Saved data entries =

^^^^^^^^

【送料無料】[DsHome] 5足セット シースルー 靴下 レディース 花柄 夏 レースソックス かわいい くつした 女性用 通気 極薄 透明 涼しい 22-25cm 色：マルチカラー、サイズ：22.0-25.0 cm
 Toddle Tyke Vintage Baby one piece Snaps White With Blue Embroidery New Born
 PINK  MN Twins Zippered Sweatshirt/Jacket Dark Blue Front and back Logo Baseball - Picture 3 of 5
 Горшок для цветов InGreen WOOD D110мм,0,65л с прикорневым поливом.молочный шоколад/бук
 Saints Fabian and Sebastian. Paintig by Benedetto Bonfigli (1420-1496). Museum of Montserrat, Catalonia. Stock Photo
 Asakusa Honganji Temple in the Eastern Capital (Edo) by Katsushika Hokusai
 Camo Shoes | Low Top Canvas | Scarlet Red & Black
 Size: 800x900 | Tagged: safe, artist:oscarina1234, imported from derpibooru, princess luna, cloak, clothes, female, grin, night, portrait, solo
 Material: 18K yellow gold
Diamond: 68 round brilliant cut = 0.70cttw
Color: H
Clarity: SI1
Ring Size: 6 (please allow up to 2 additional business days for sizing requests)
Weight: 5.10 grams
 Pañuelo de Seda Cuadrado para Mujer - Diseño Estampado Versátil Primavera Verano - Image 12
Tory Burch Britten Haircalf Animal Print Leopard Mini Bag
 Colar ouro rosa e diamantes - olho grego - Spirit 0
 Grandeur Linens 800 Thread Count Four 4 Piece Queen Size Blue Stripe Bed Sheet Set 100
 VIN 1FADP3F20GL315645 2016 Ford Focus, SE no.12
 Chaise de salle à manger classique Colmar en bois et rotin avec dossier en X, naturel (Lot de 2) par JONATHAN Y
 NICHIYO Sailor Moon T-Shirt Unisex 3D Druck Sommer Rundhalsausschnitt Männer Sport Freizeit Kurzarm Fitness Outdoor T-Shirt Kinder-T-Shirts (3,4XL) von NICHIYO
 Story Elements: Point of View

^^^^^^^^

ACTIVITY = Would you please transcribe the records above in full and exactly?

WRITTEN SOLUTION =
【送料無料】[DsHome] 5足セット シースルー 靴下 レディース 花柄 夏 レースソックス かわいい くつした 女性用 通気 極薄 透明 涼しい 22-25cm 色：マルチカラー、サイズ：22.0-25.0 cm
 Toddle Tyke Vintage Baby one piece Snaps White With Blue Embroidery New Born
 PINK  MN Twins Zippered Sweatshirt/Jacket Dark Blue Front and back Logo Baseball - Picture 3 of 5
 Горшок для цветов InGreen WOOD D110мм,0,65л с прикорневым поливом.молочный шоколад/бук
 Saints Fabian and Sebastian. Paintig by Benedetto Bonfigli (1420-1496). Museum of Montserrat, Catalonia. Stock Photo
 Asakusa Honganji Temple in the Eastern Capital (Edo) by Katsushika Hokusai
 Camo Shoes | Low Top Canvas | Scarlet Red & Black
 Size: 800x900 | Tagged: safe, artist:oscarina1234, imported from derpibooru, princess luna, cloak, clothes, female, grin, night, portrait, solo
 Material: 18K yellow gold
Diamond: 68 round brilliant cut = 0.70cttw
Color: H
Clarity: SI1
Ring Size: 6 (please allow up to 2 additional business days for sizing requests)
Weight: 5.10 grams
 Pañuelo de Seda Cuadrado para Mujer - Diseño Estampado Versátil Primavera Verano - Image 12
Tory Burch Britten Haircalf Animal Print Leopard Mini Bag
 Colar ouro rosa e diamantes - olho grego - Spirit 0
 Grandeur Linens 800 Thread Count Four 4 Piece Queen Size Blue Stripe Bed Sheet Set 100
 VIN 1FADP3F20GL315645 2016 Ford Focus, SE no.12
 Chaise de salle à manger classique Colmar en bois et rotin avec dossier en X, naturel (Lot de 2) par JONATHAN Y
 NICHIYO Sailor Moon T-Shirt Unisex 3D Druck Sommer Rundhalsausschnitt Männer Sport Freizeit Kurzarm Fitness Outdoor T-Shirt Kinder-T-Shirts (3,4XL) von NICHIYO
 Story Elements: Point of View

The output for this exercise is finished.